▶ Required action: Everything from the line holding "Zrzut ekranu przedstawiający" through the last line of the data, and nothing else, should be retyped exactly, with no pictures.

▶ Collected material:
▶
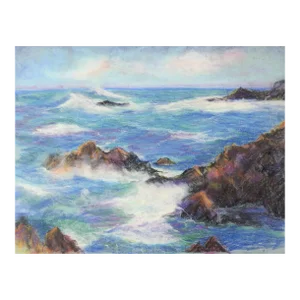 Vintage Rocky Coastline Seascape Pastel Painting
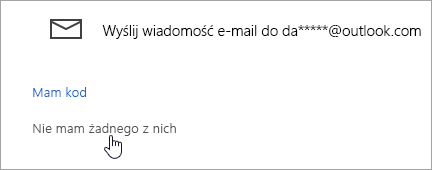 Zrzut ekranu przedstawiający przycisk Nie mam dostępu do tych adresów/numerów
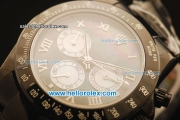 Rolex Daytona Chronograph Swiss Valjoux 7750 Automatic PVD Case and Black MOP Dial-PVD Strap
◀
▶ Solution for this problem:
 Zrzut ekranu przedstawiający przycisk Nie mam dostępu do tych adresów/numerów
 Rolex Daytona Chronograph Swiss Valjoux 7750 Automatic PVD Case and Black MOP Dial-PVD Strap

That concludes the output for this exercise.